I certainly hope the NCBC Ontology WG doesn't end up wasting time plodding through these same arguments yet again.

I do think it would be very valuable for this WG to establish a standard operating procedure for handling issues related to use of biomedical knowledge resources. Even doing so for the limited scope of NCBC collaboration would likely be valuable and extend to the larger community. I know many are looking to NCBO for this sort of support.

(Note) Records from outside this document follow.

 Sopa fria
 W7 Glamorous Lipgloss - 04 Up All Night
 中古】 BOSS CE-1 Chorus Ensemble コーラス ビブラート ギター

To my mind, the 25 slides prepared by Suzi Lewis & Michael Ashburner (slides 11 - 37) in the following presentation summing up the hard won lessons of the GO Consortium do a better job at establishing such guidelines than anything else I've seen anywhere:

Principles for Building Biomedical Ontologies http://www.geneontology.org/teaching_resources/presentations/2005-10_ISMB_Ontology-Building_various.ppt

I'd specifically draw attention to the procedural flowchart on slide 19 as being an excellent foundation from which to build more specific guidelines, some of which can be culled from other portions of the presentation and further refined through follow-on discussions within this working group.

Comment by Zak

I consider myself a card carrying formal ontology builder from the hoary old 1980's so I would like to agree with the above. However, I see pragmatics that would suggest that for those domains where we do not have the richness of annotation of a MeSH, waiting for a 'proper' ontology to be built with that domain coverage may be the wrong strategy for the NCBC's Also, there are plenty of representational problems even using "modern" representation languages (see a classical review by Szolovits et al.) . As we discussed in our TCON, there are three categories of Terminologies and Ontologies that we wish to identify:


1. Those that we wish to endorse today for general NCBC use (the "States 8" )

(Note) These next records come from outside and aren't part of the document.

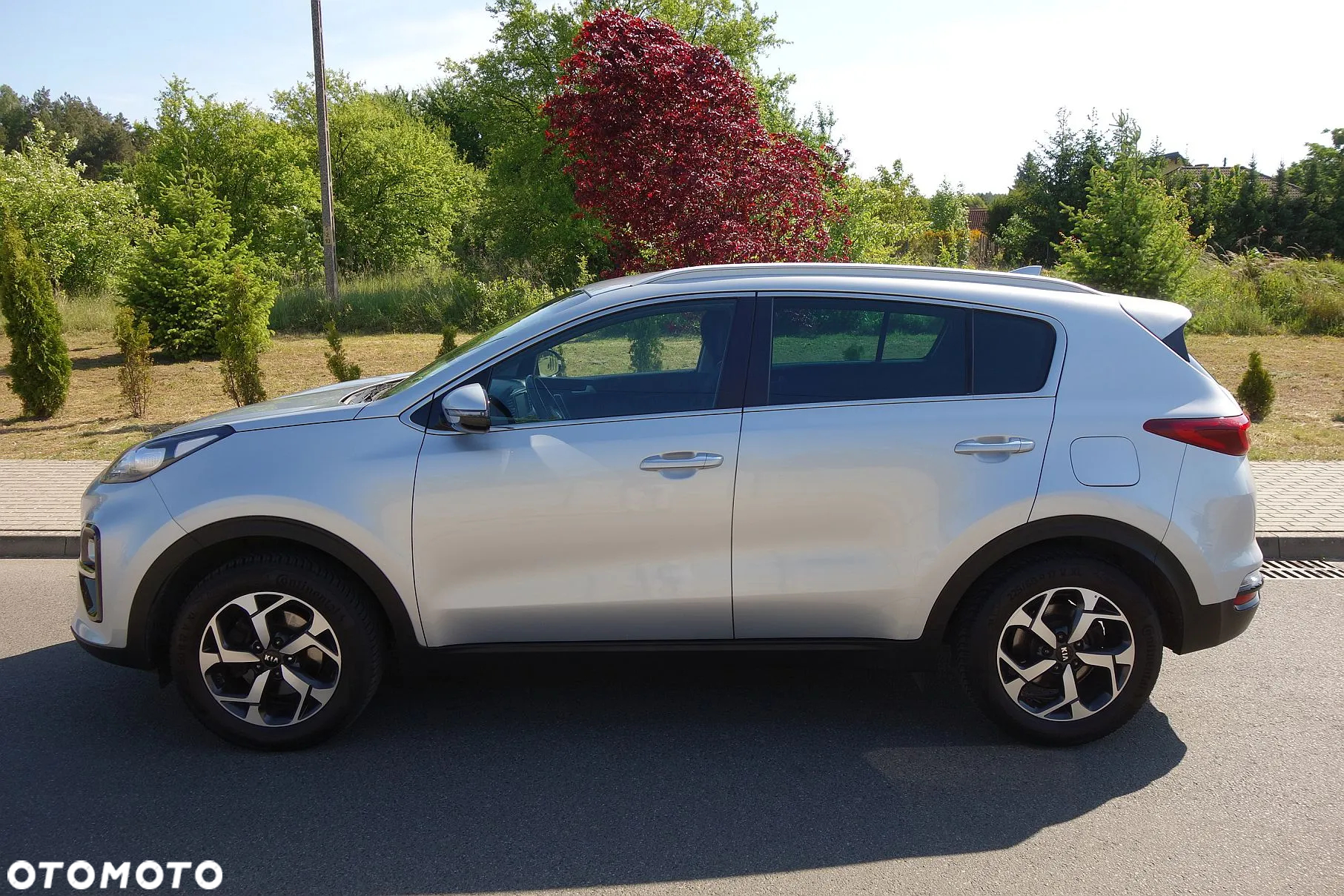 Kia Sportage 1.6 GDI Business Line 2WD - 25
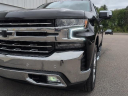 Thumbnail image of 2022 Chevrolet Silverado 1500 Limited at Simms Chevrolet Co.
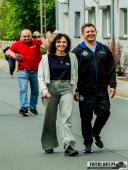 2025.08.03 - CHARYTATYWNY FESTYN ORAZ MARSZOBIEG - W RYTMIE SERCA DLA LILIANY - II EDYCJA - cz. 1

2. Those that we wish were better but will 'hold our nose' and use because they are what are available now.

3. Those that are in progress, being built by others that we should cheer on (e.g. GO) or that are needed and have no current advocates/builders.


MeSH could very well fall into the second category unless we have a good alternative for the concepts covered by MeSH in the very short term (i.e. for use by NCBC's today).